No. Brightfunded maintains identical leverage across Phase 1 evaluation, Phase 2 verification, and funded accounts. There is no leverage reduction when you pass the evaluation and get funded. The leverage structure (1:100 forex, 1:40 commodities, 1:20 indices, 1:5 crypto) stays constant throughout.

What Is the Maximum Leverage for Crypto at Brightfunded?

Brightfunded offers 1:5 leverage on all 36+ cryptocurrency pairs, including BTC/USD, ETH/USD, and SOL/USD. This is higher than many competitors like FTMO, which offers 1:2 on crypto. At 1:5, one Bitcoin at $70,000 requires $14,000 in margin on a Brightfunded account.

How Does Brightfunded's Gold Leverage Work?

Brightfunded provides 1:40 leverage on gold (XAUUSD) and all other commodities. One standard lot of gold (100 oz) at $2,300/oz requires approximately $5,750 in margin. Brightfunded's 1:40 gold leverage is higher than many prop firms that offer 1:20, giving traders more position sizing flexibility.

Is Leverage the Same on All Brightfunded Platforms?

Yes. Brightfunded applies the same leverage across MT5, cTrader, and DXTrade. Platform choice does not affect available leverage, margin requirements, or maximum position sizes. The trading conditions are identical across all three platforms.

Can You Use Full Leverage on a Brightfunded Account?

Technically yes, but using full leverage on a Brightfunded account is extremely risky. The 5% static daily drawdown is the real position size limiter. On a $100K account, you could theoretically open 100 standard forex lots, but a 5-pip adverse move would breach your daily drawdown. Position sizing should be based on drawdown management, not maximum leverage.

What Is the Margin Requirement for Indices at Brightfunded?

Brightfunded offers 1:20 leverage on all index CFDs, meaning the margin requirement is 5% of notional value. One contract of US30 at 40,000 points requires approximately $2,000 in margin. Indices have zero commission at Brightfunded, with all trading costs coming from the spread.

Does the Scaling Plan Change Brightfunded's Leverage?

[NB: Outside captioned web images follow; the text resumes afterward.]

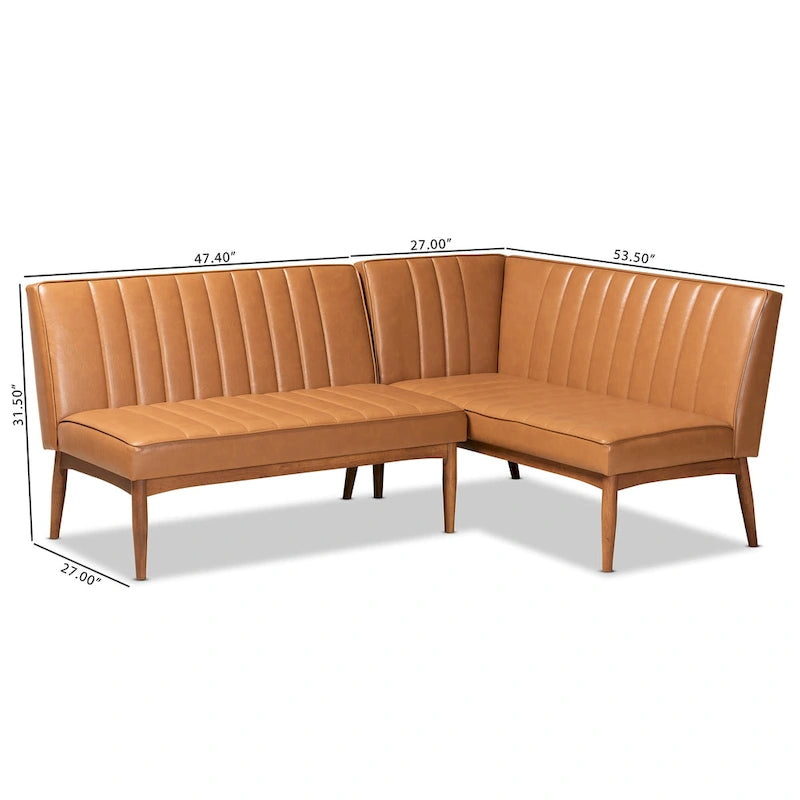 2-teilige Essnischen-Bankettgarnitur Daymond im modernen Mid-Century-Stil
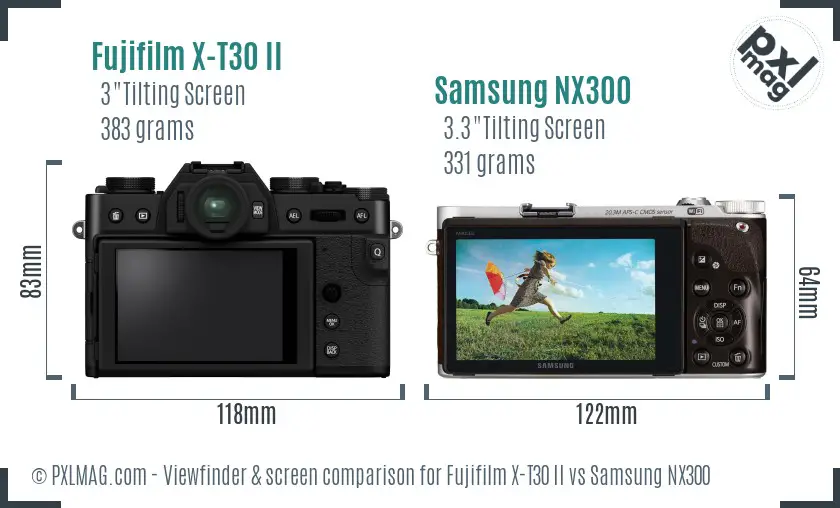 Fujifilm X-T30 II vs Samsung NX300 Screen and Viewfinder comparison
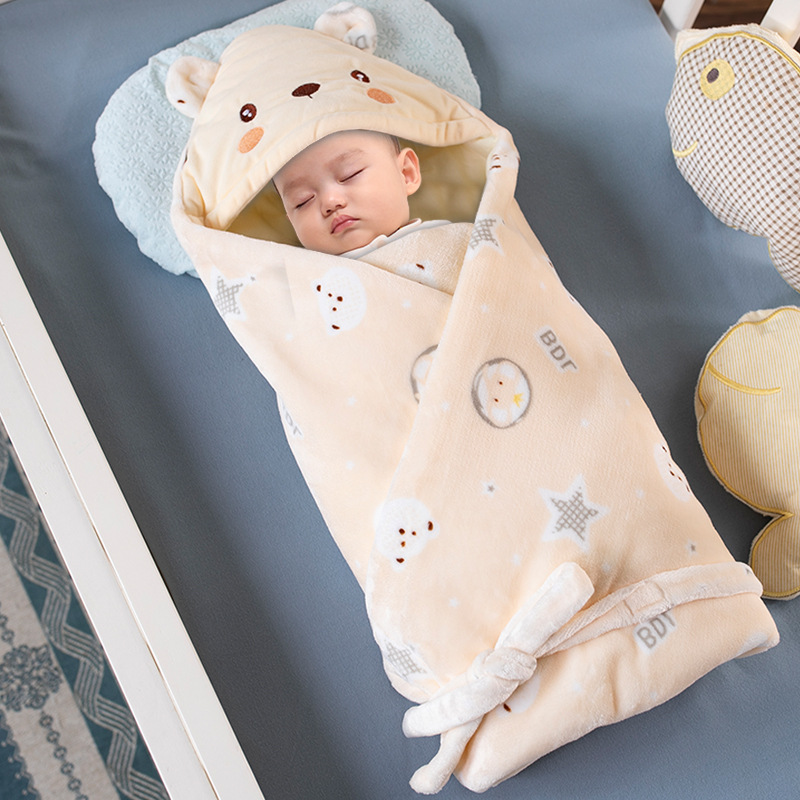 Picture of Factory for a generation of hair agent baby hugging newborn wrapped spring and autumn thin cotton swaddling towel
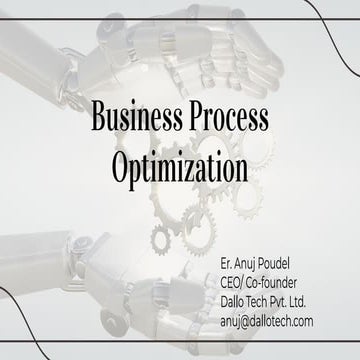 Discover Business Process Optimization and its use in modern business | PPT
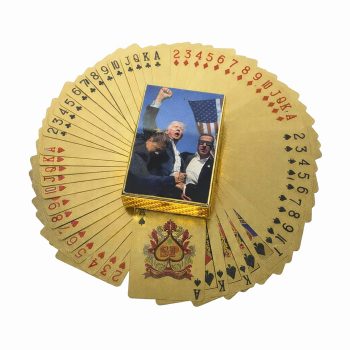 Fight for Freedom Rally 47th President 24k Gold Foil Plated Waterproof Playing Cards 24K Gold and Silver Plated Replica Bills 3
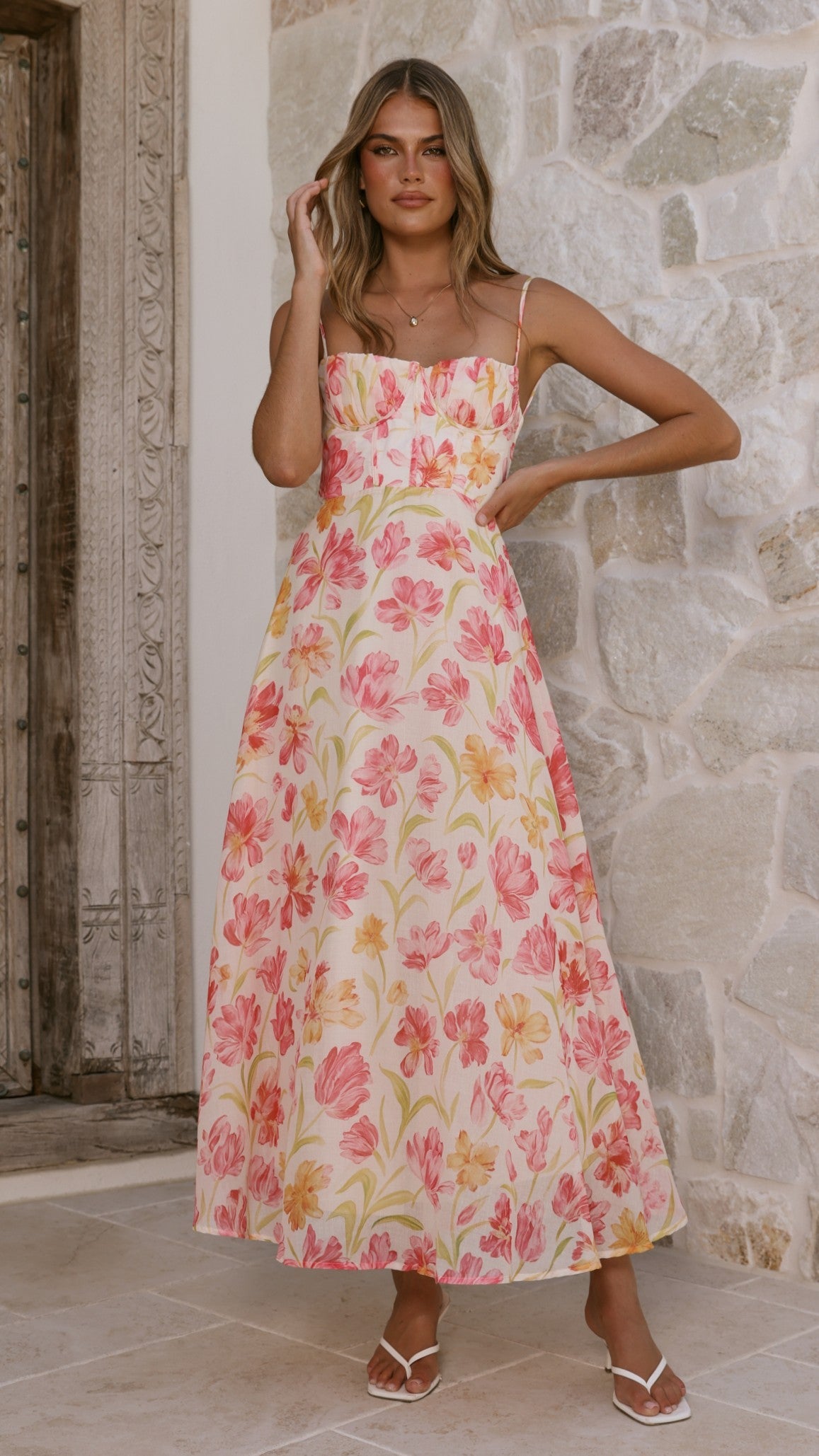 Rahima Maxi Dress - Pink/Yellow Flower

No. Brightfunded's scaling plan increases your account size and maximum allocation, but leverage remains unchanged. Whether you're trading a base $100K account or a scaled $400K account, the leverage per asset class stays the same: 1:100 forex, 1:40 commodities, 1:20 indices, and 1:5 crypto.

How Many Lots Can You Trade on a $100K Brightfunded Account?

On a $100K Brightfunded account with 1:100 forex leverage, the margin allows up to 100 standard lots. Practically, the 5% daily drawdown ($5,000) is the constraint. With a 30-pip stop loss on EUR/USD, a conservative approach would be 8-10 standard lots maximum per session, risking about 60% of the daily drawdown.

Why Is Crypto Leverage Lower Than Forex at Brightfunded?

Brightfunded sets crypto leverage at 1:5 (compared to 1:100 for forex) because cryptocurrency markets are significantly more volatile. Bitcoin can move 3-5% in a single day, while major forex pairs rarely move more than 1%. Lower leverage on crypto protects both the trader and Brightfunded from outsized losses caused by extreme price swings.